(Stored data entries)
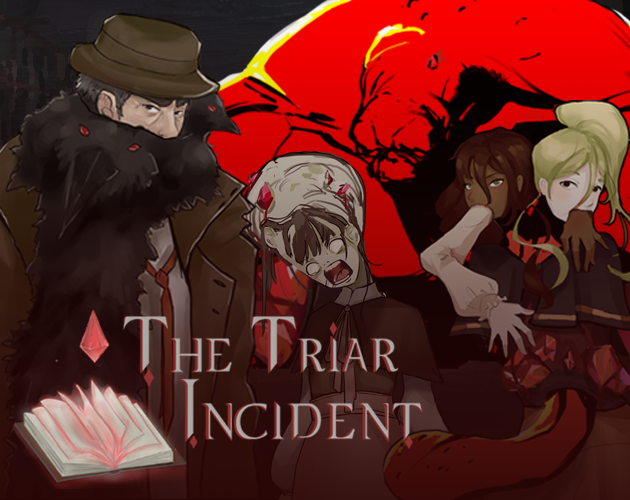 Cover image for The Triar Incident
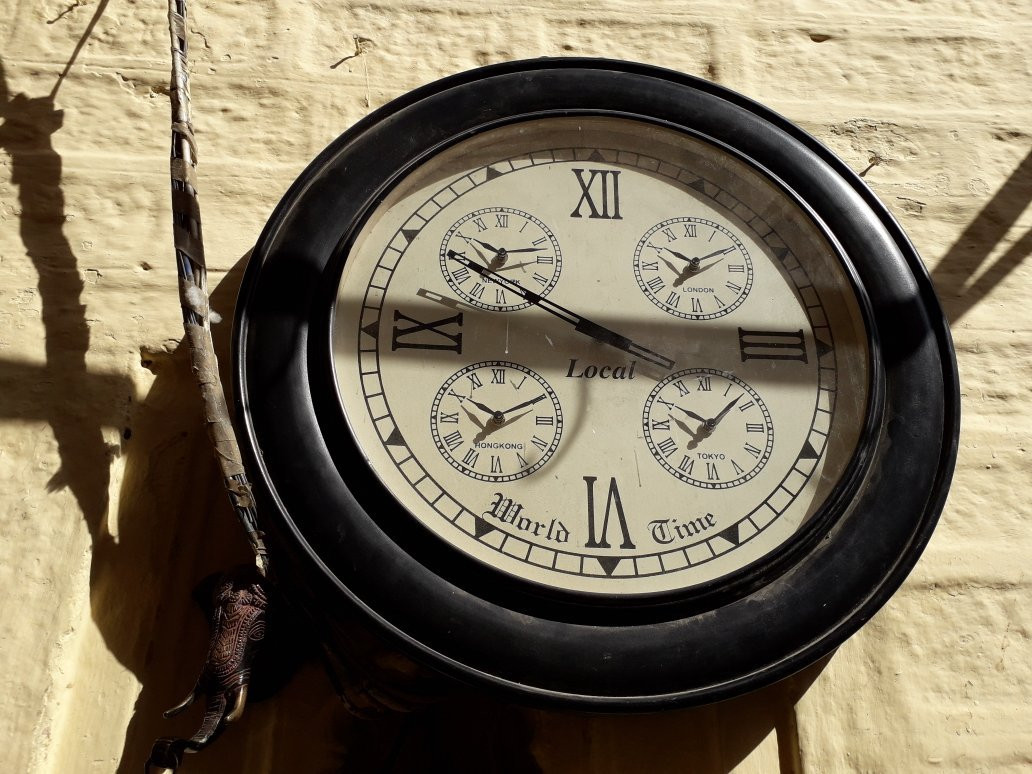 Antique Shop Jaisalmer-杰伊瑟尔梅尔必去景点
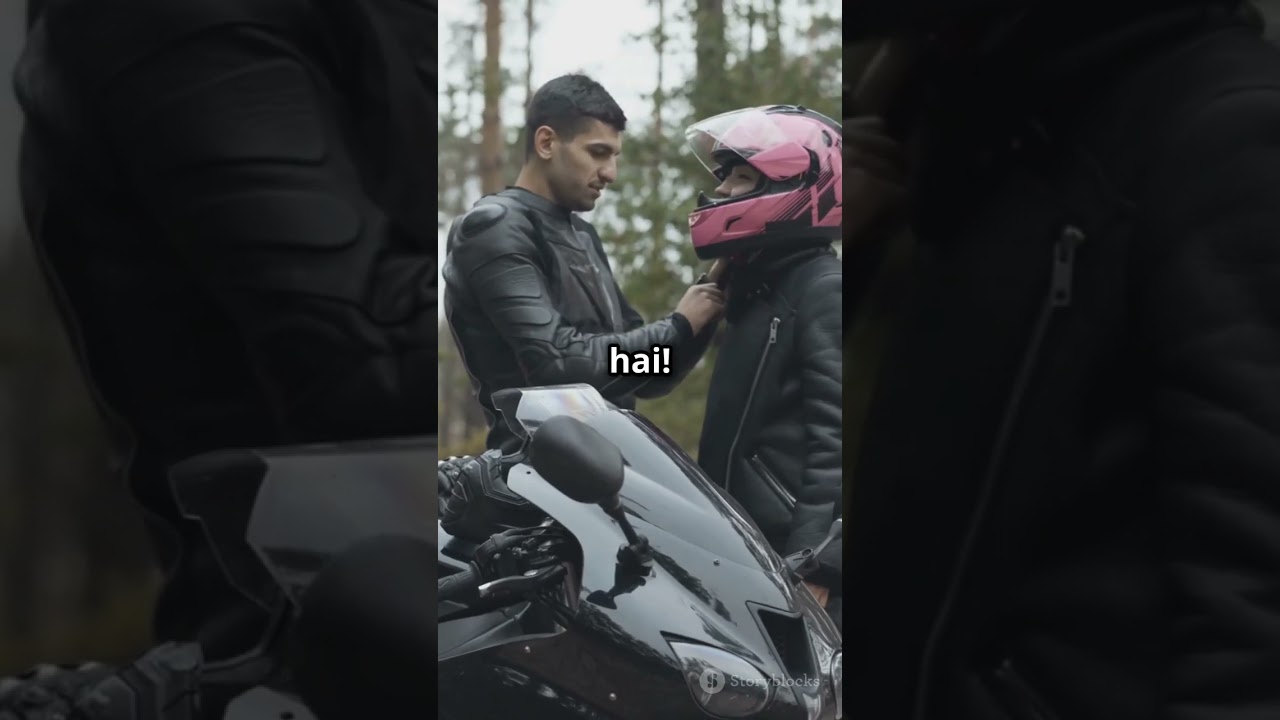 HOW TO RIDE SAFE IN WINTER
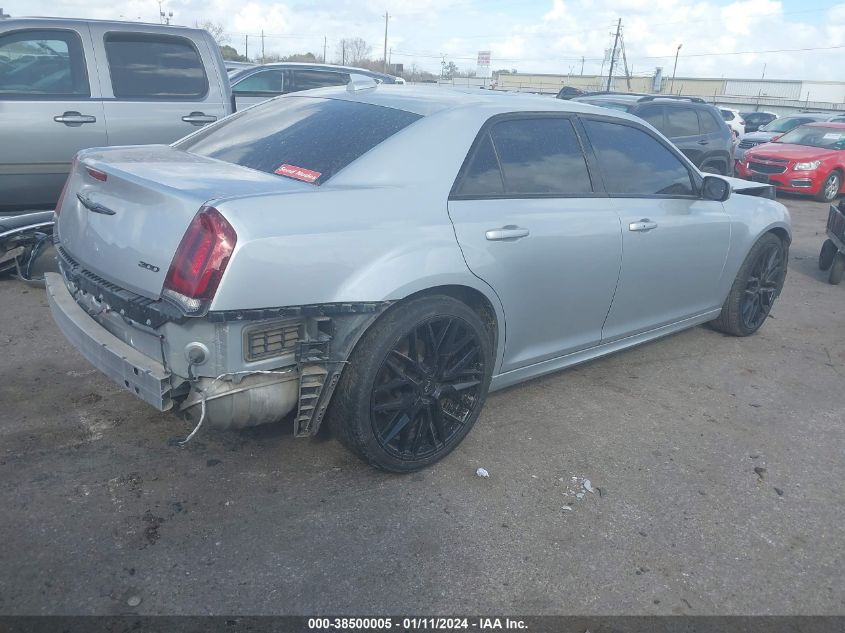 2022 CHRYSLER 300 TOURING L - 2C3CCADG6NH116117
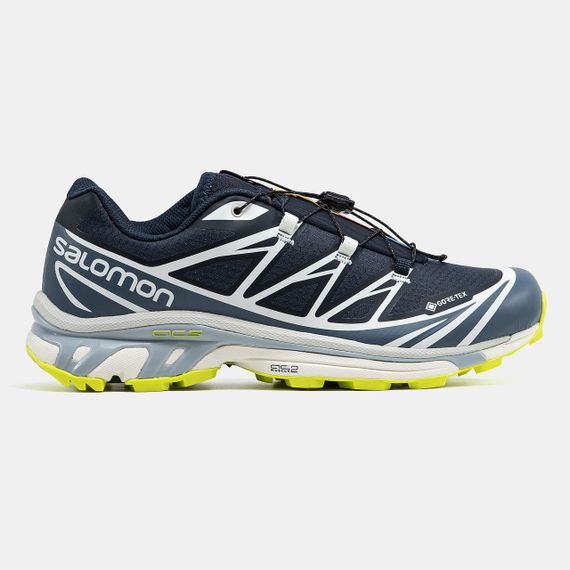 Кросівки Salomon XT- 6 Soft Ground Gore-Tex / саламон топ весна / осінь 2175 | Зображення 3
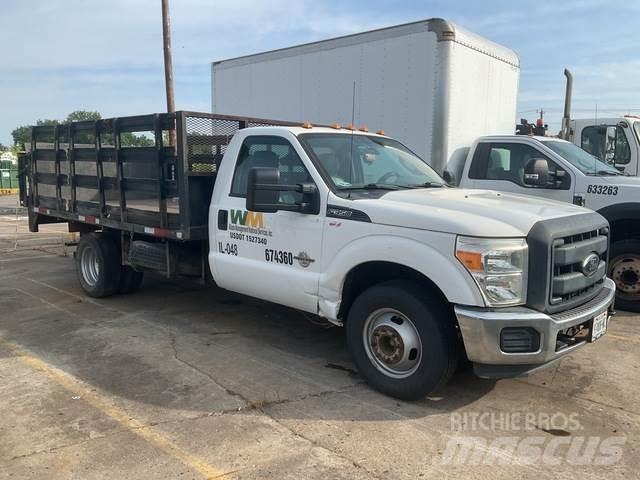 Ford F-350 Madelautod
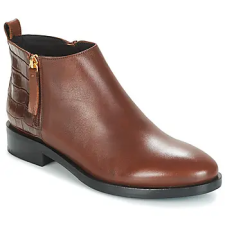 Geox Csizmák DONNA BROGUE Barna 40 női csizma, bakancs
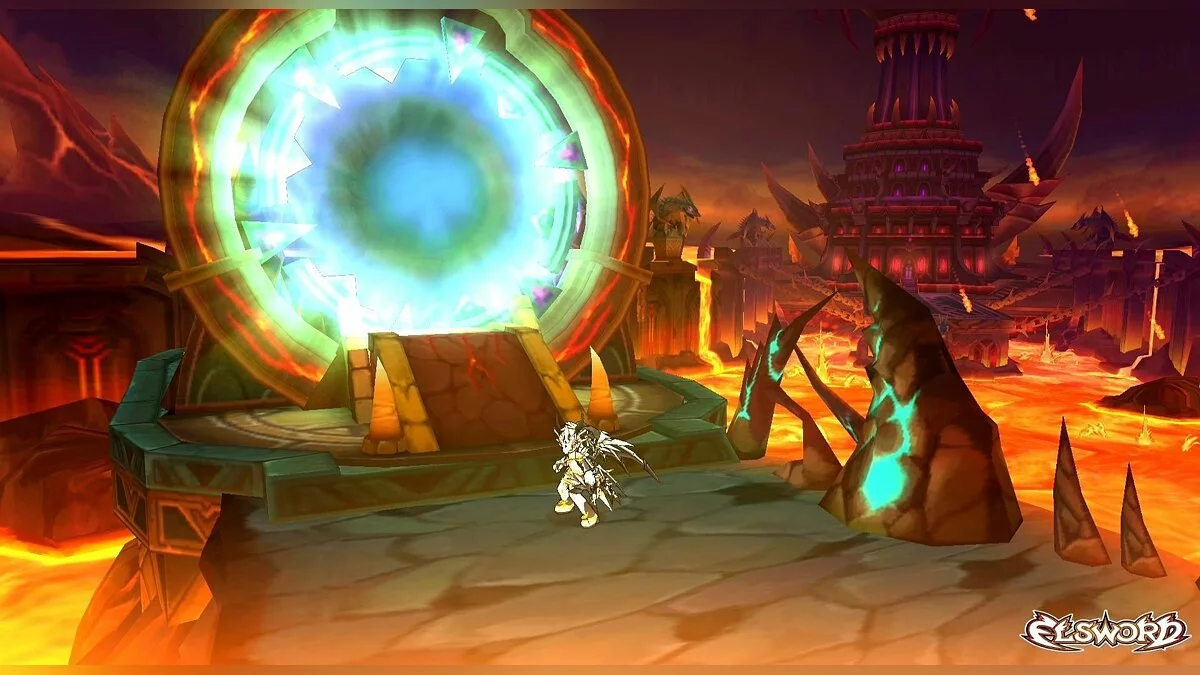 Capturas de tela de Elsword / Imagem 36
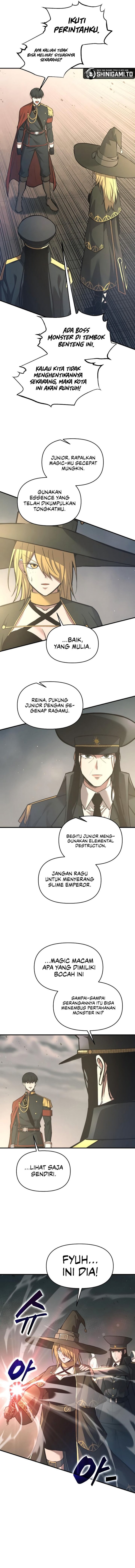 I Became the Tyrant of a Defense Game chapter 148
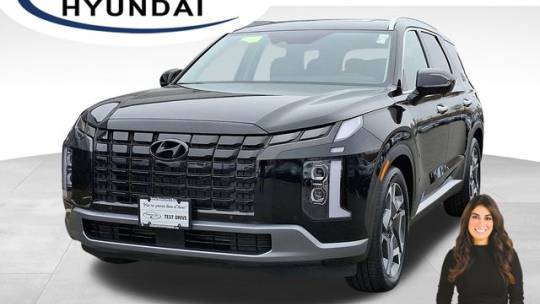 2023 Hyundai Palisade Limited — SUV — 7,223 mi — Northampton, MA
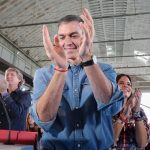 Sánchez, proclamado por unanimidad candidato del PSOE a la Presidencia del Gobierno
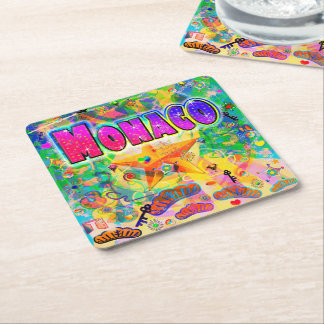 Monaco Epoch Hour Untersetzer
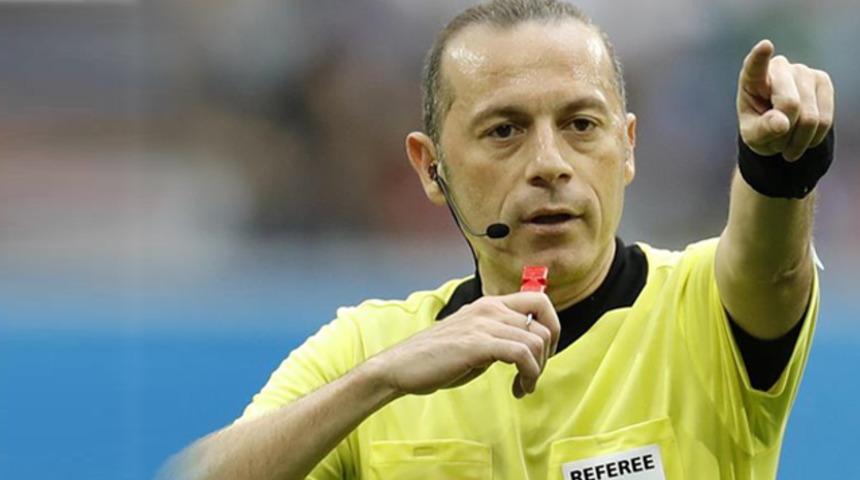 Nijeryalı Victor Moses'ten Cüneyt Çakır'a eleştiri 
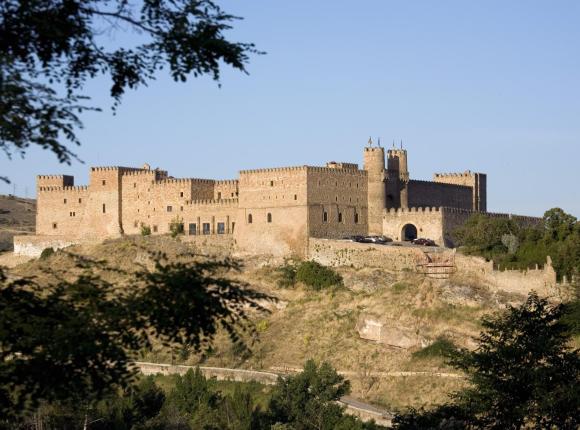 Parador de Siguenza, Мадрид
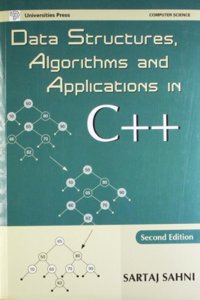 Data Structures: Algorithms and Applications in C++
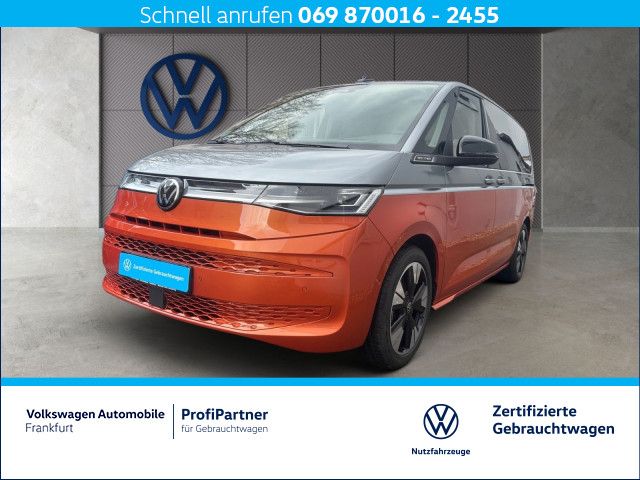 Volkswagen T7 Multivan 2.0 TDI DSG Style Navi IQ.Light DCC
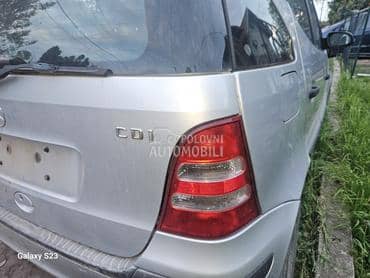 Stop Svetla Restajling za Mercedes Benz A Klasa od 2000. do 2004. god.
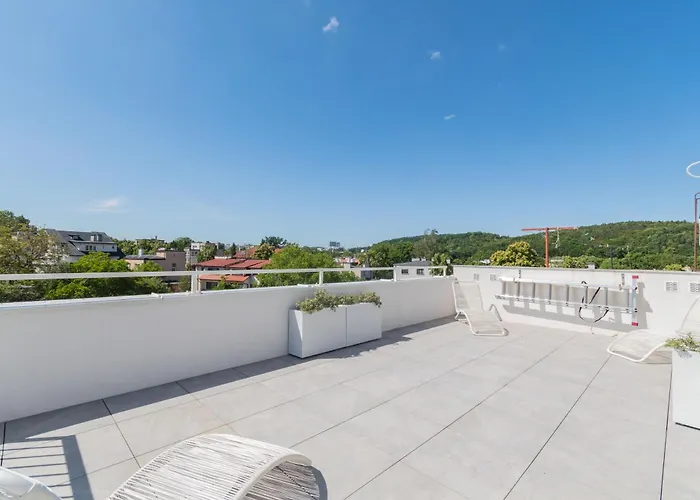 Przyplyw By Grand 公寓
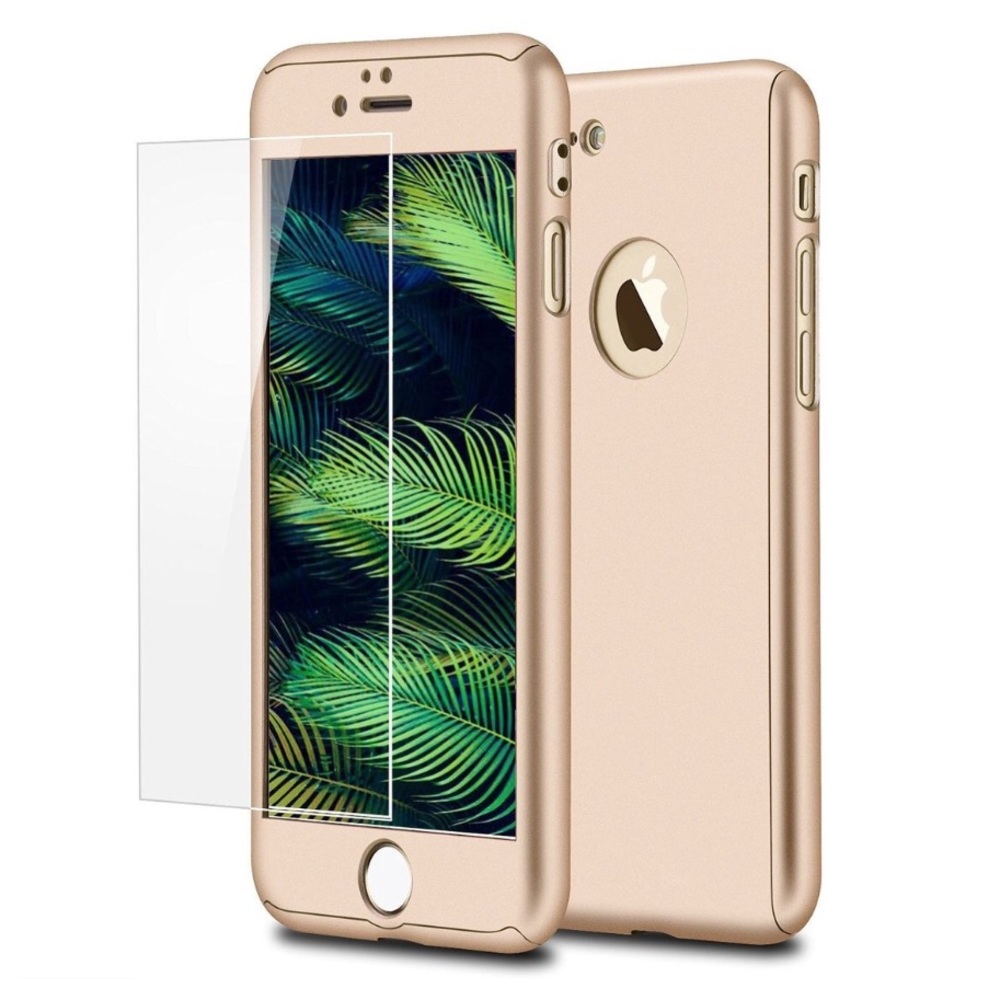 7PLUS 360case+screen protector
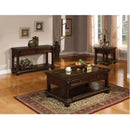 Anondale Rectangular Coffee Table , Cherry Finish Acme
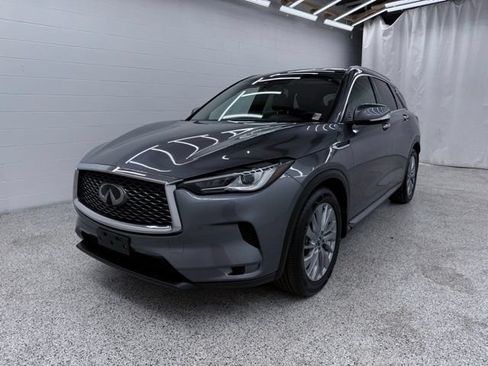 Used 2023 INFINITI QX50 Luxe AWD/4WD image 5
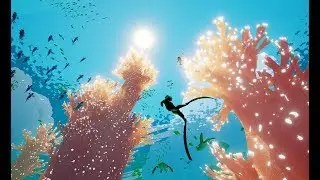 ABZU Gameplay - Part 1 - Walkthrough No Commentary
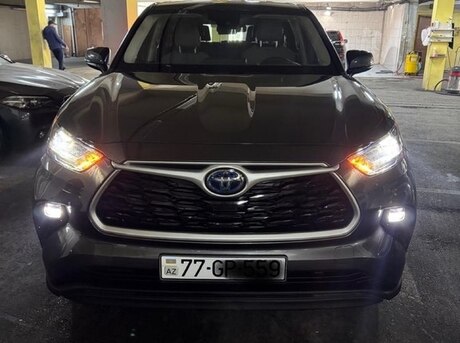 Toyota Highlander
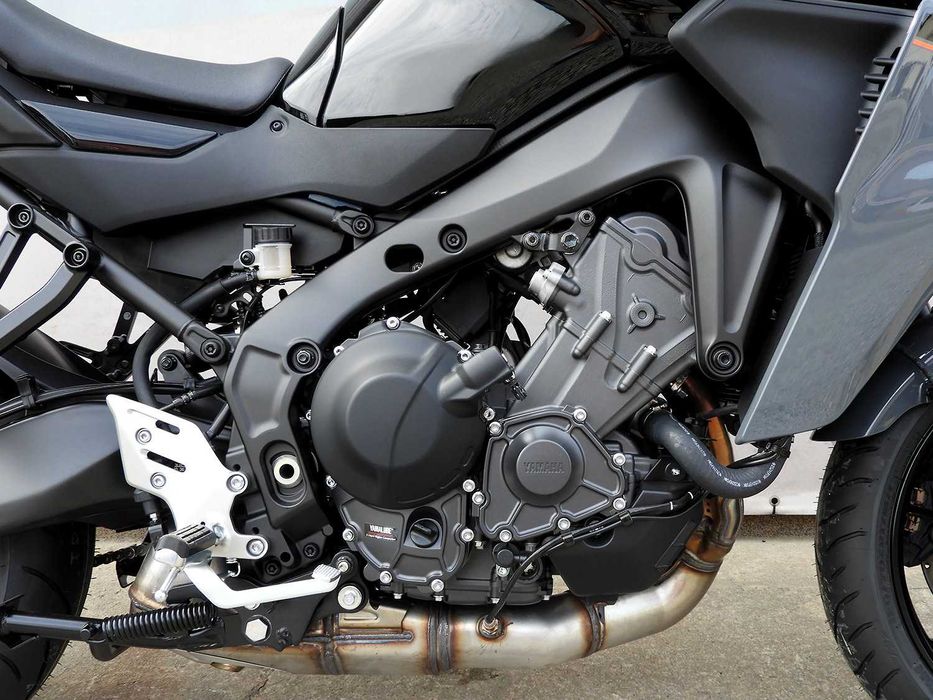 Motocicleta Yamaha Tracer 9 2025 | Finanțare disponibilă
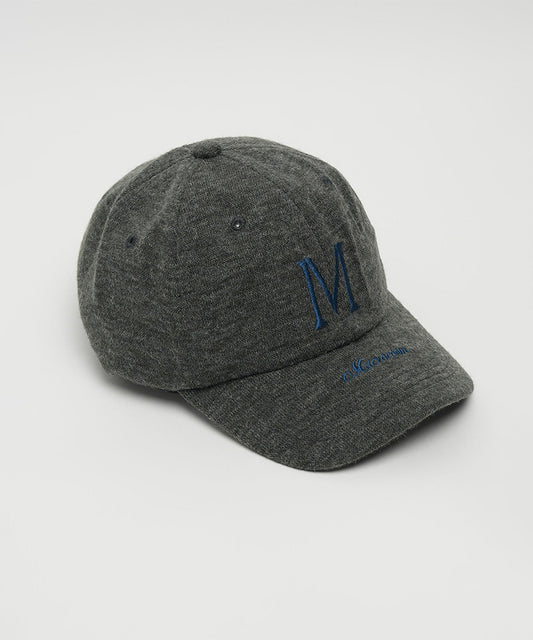 Macrocosm Cap-Ash Grey
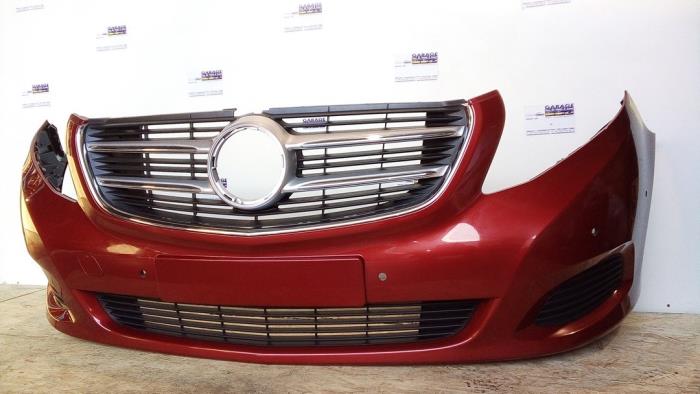 Pare-chocs avant Mercedes V-Klasse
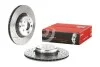Диск гальмівний BMW 1 F20,21 tyі BREMBO 09C40013 (фото 2)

**ACTION ITEM**
Pictures don't belong in the copy. Retype exactly the lines from the one with "Pare-chocs avant Mercedes V-Klasse" through the last line of the records.

**TASK ANSWER**
 Pare-chocs avant Mercedes V-Klasse
Диск гальмівний BMW 1 F20,21 tyі BREMBO 09C40013 (фото 2)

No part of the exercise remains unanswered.